New Year, New Investment? The UK's Financial Times on why you should buy in Altinkum in 2009

New year, new investment?

By Liam Bailey and Nicholas Barnes, published in the Financial Times

Published: December 27 2008 00:09 | Last updated: December 27 2008 00:09


The unravelling of international financial systems and subsequent contagion into the broader world economy has clearly inflicted multiple wounds on residential property markets. Even the luxury end has been hit as high-net-worth individuals watch their investments in shares and, most recently oil, nosedive. The cost of existing debt has risen and new credit lines have become rarer and tighter. And we have seen huge and rapid currency fluctuations, which have a big effect on cross-border purchases.

Admittedly, it is an odd time to be recommending places to buy a house. But, as we move into 2009, with prices falling and more distressed sales coming to the market, it could just about make sense. Those with money are starting to scavenge for bargains.

Why anyone should listen to real estate industry analysts is a fairly important question. None of the agencies or organisations that regularly comment on the housing market predicted the 2008 crash so why should we think we know any more now?

But we are in a very different situation than we were a year ago. In 2007 we were at the top of a boom and the question was when it would turn to crash. Now we are in the crash and, whether prices fall 30 per cent or 50 per cent, at some point in 2009 the market is likely to hit bottom or be close to it. This is the time to prepare to buy before the herd moves in.

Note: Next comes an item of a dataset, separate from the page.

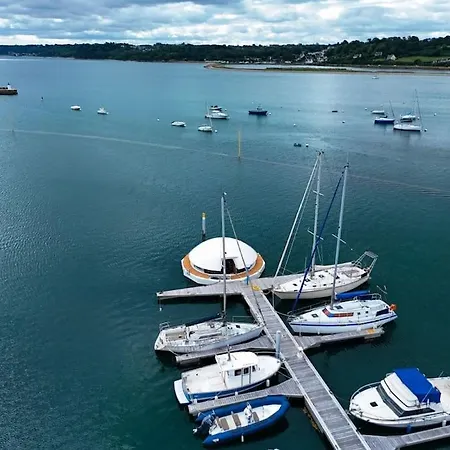 Anthenea Hoteliere Flottante Perros-Guirec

That’s not to say a random selection of investments through auction house repossession catalogues will do. Wise househunters will concentrate on areas poised to perform well over the medium- to long-term. Prices will take a long time to recover fully so think carefully about the outlook for a particular location, its infrastructure, accessibility, amenities and prospects for economic growth. Build-quality in an older home or new development is important, as is an established secondary sales market and a transparent legal framework. Only after examining these factors should you look at price.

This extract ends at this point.